In an age where women are judged by the outward appearance of their flesh, there once was a a time when the true beauty, and strength of a woman came from within. Women were noble, modest, strong, virtuous, and held their bodies as icons, sacred vessels, from which to glorify God, and serve humanity through motherhood and the power of an intact family. Today, some women worship their forms and curves, nipping tucking, enhancing and enlarging, and most seem to disdain motherhood, albeit perhaps to squeeze in a designer family of a boy and girl, as long as they don’t get in the way of the woman’s ‘real’ life and real calling. But in the age of the birth of the Church, women were warriors of spirit, paragons of virtue, and chastity. Women who covered themselves, and gave themselves only to God, and their husbands, until death parted them. Women who gave society the greatest gift they could possibly give, and that is a home, where noble and holy children were raised. Gifts, better than gold, profit, and promotions.
So was this oppression? Did the women in early Christianity bear shame and brutality? On the contrary, we find that in The Church, the daughters of God were held, and still are held, in high esteem. Perpetua and Felicitas remind us that women can indeed “have it all”, for in the act of their loving obedience and submission to God, they become inheritors of the Kingdom of Heaven, both now and forevermore.
On February 1st the Church remembers our sisters in Christ, Perpetua and Felicitas who departed this life for life eternal on this very day…
The Holy Martyrs Perpetua, Felicitas and those with them. Vibia Perpetua was from a patrician family, and lived in Carthage. She came to believe in Christ, and was baptized after her arrest as a Christian. A few days later, the twenty-two-year-old woman was taken to prison with her infant son. Arrested with her were her brother Saturus, the servants Felicitas, Revocatus, Saturninus and Secundulus, who were also catechumens.

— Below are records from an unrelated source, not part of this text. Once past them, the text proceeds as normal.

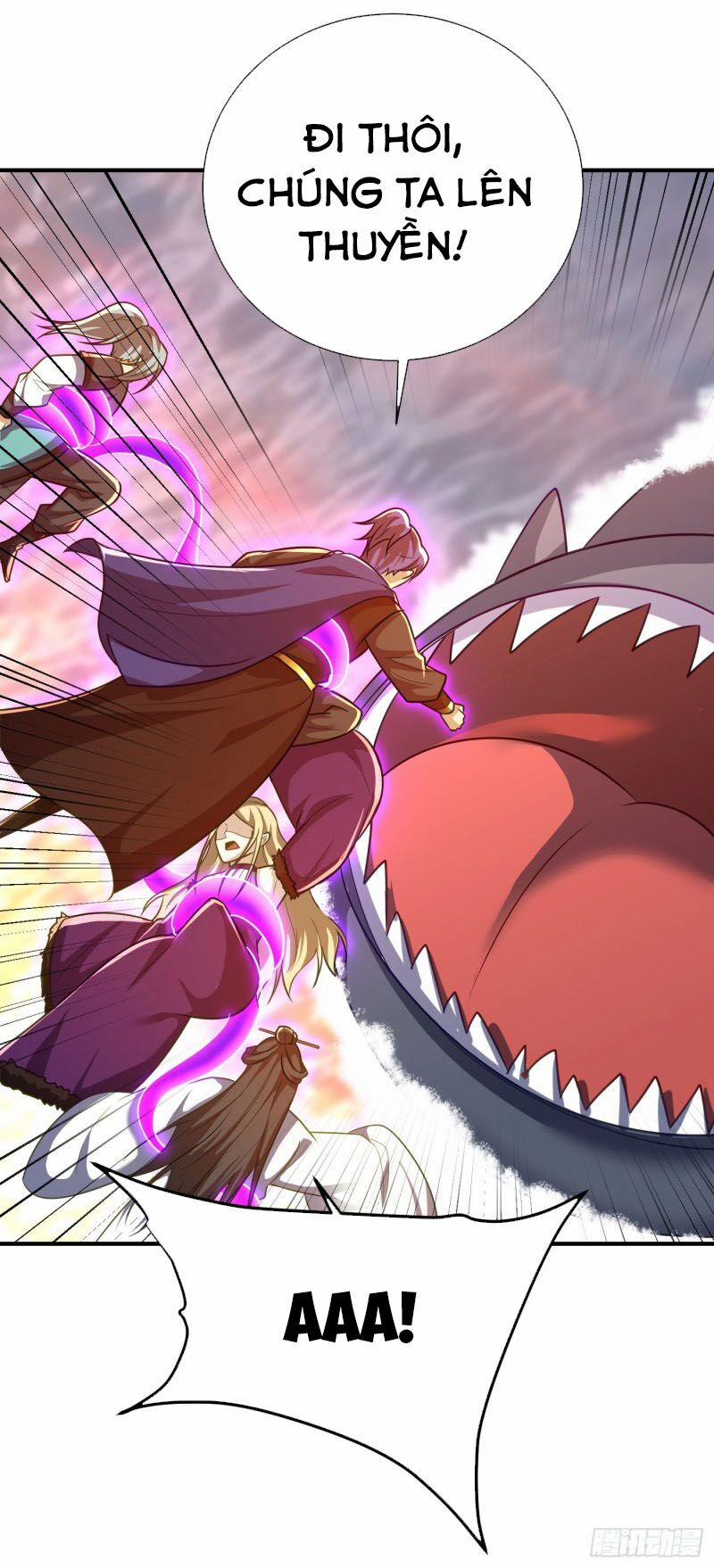 Yêu Giả Vi Vương 214 trang 32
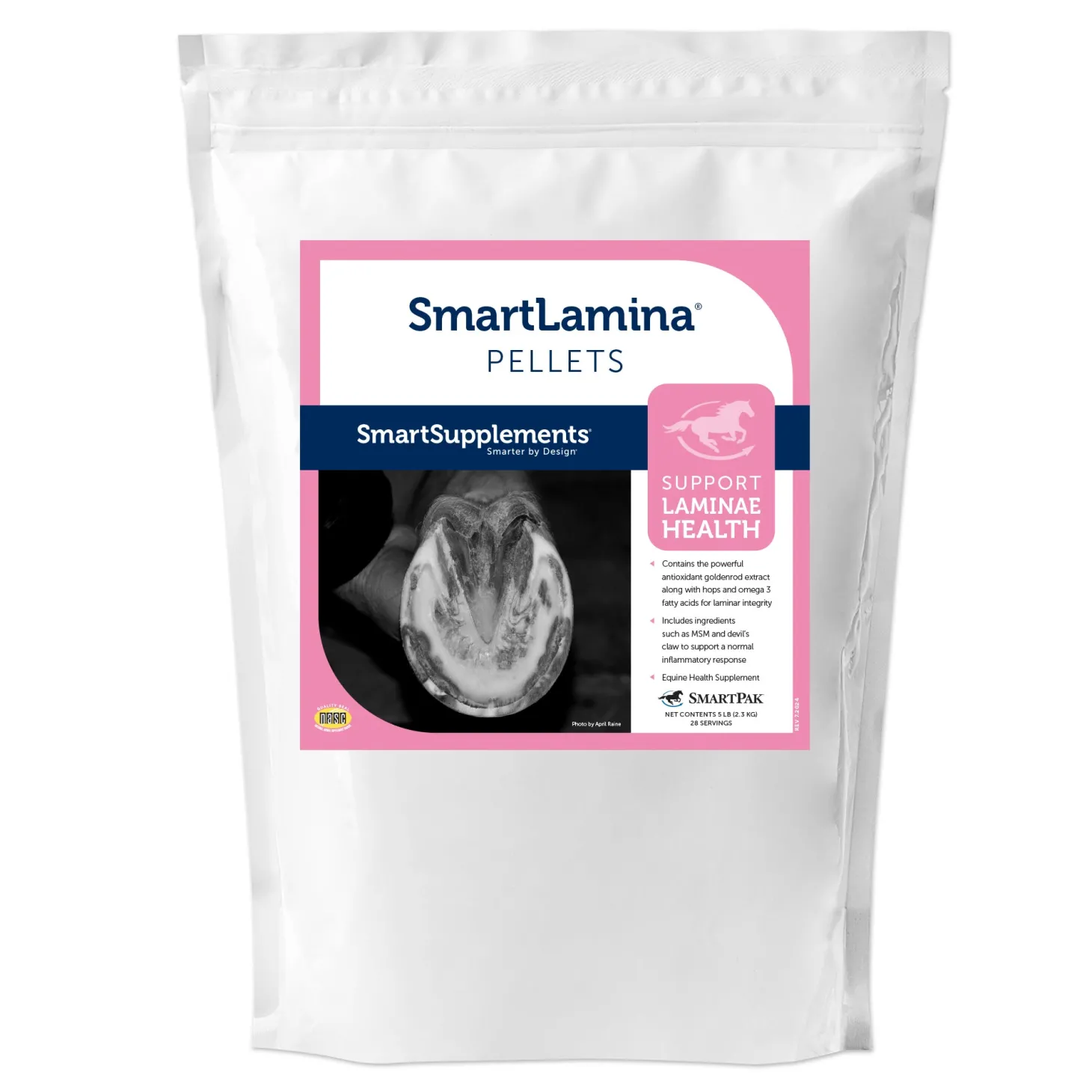 SmartEquine™ Smart Lamina® Pellets - 5 lbs.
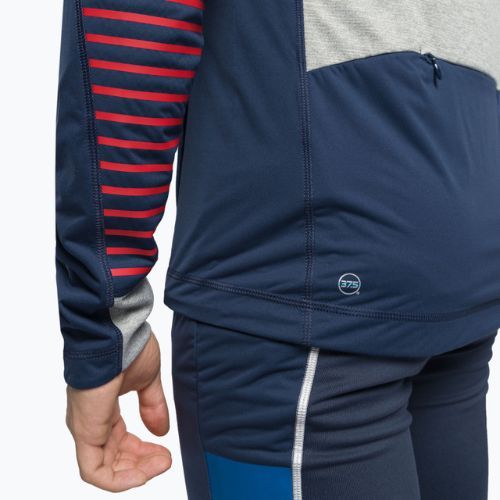 Herren-Langlauf-Skijacke Rossignol Poursuite navy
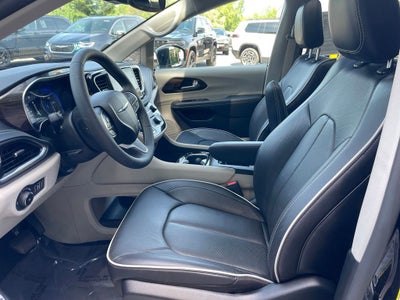 2024 Chrysler Pacifica Limited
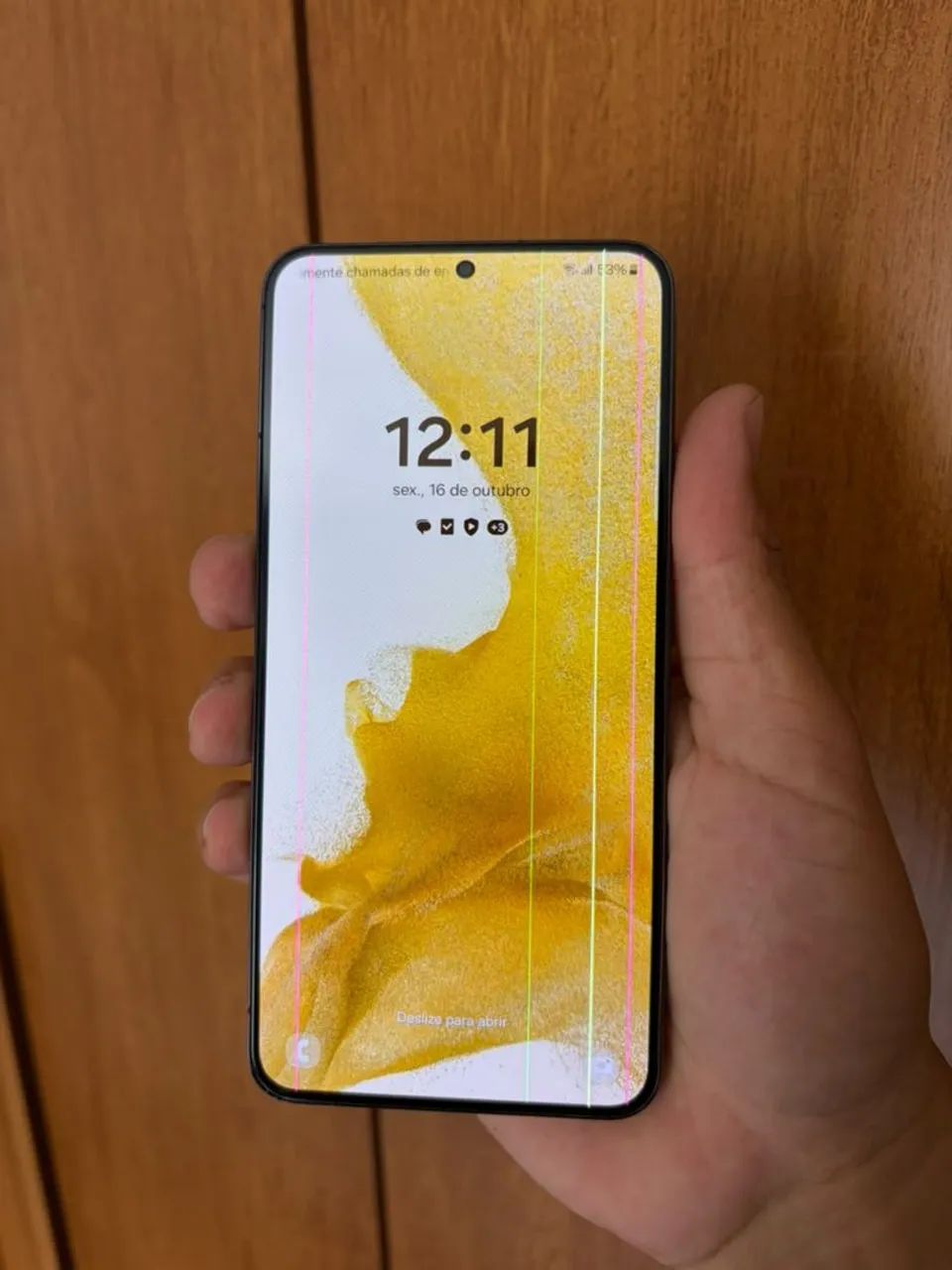 S22 plus  troco 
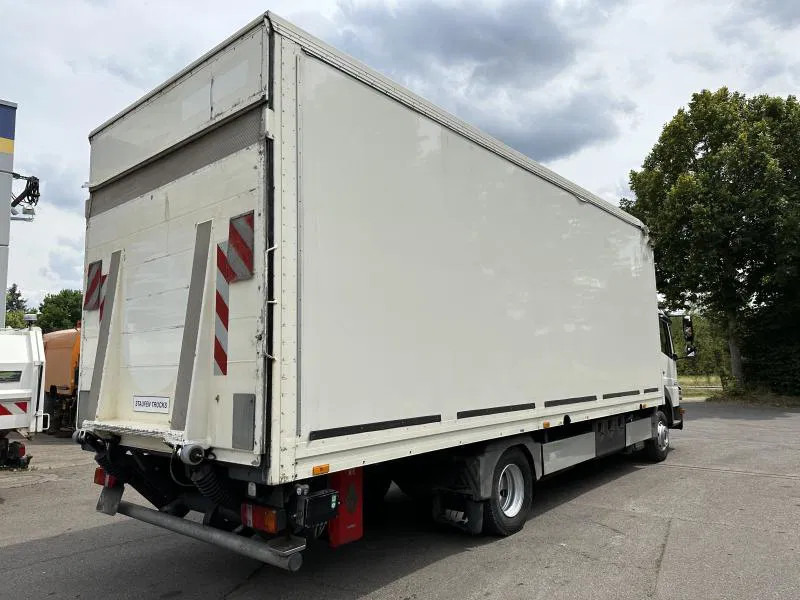Mercedes-Benz Atego 1222 L Kühl-LKW Klima - Külmutiga veoauto: pilt 5 Mercedes-Benz Atego 1222 L Kühl-LKW Klima - Külmutiga veoauto: pilt 5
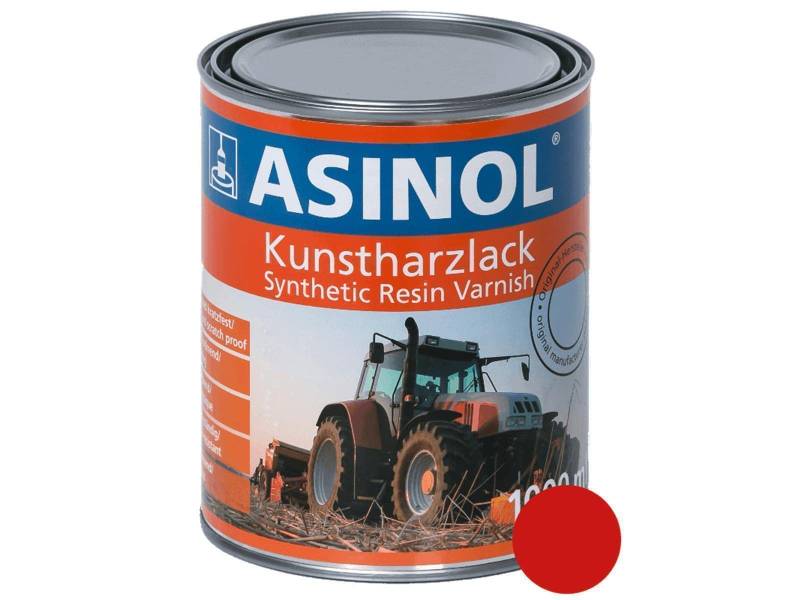 ASINOL Neuson Baumaschinen Rot 1403-3503 von ASINOL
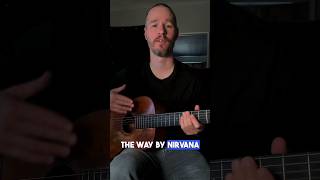 Nirvana - Something In The Way guitar tutorial (from The Batman)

In 203, Christians who refused to sacrifice to Roman gods were considered traitors. Emperor Septimus Severus was cracking down on anti-state elements. As he saw it, the sacrifice was simply a patriotic gesture, not much more than our salute of the flag. But the Christians saw it as a denial of Christ. Among those swept into the emperor’s dragnet in Carthage were two young women, Perpetua and Felicitas. The choice before them was clear: sacrifice or die.
For both women, the situation was complicated by motherhood. Felicitas was pregnant and Perpetua had a newborn son.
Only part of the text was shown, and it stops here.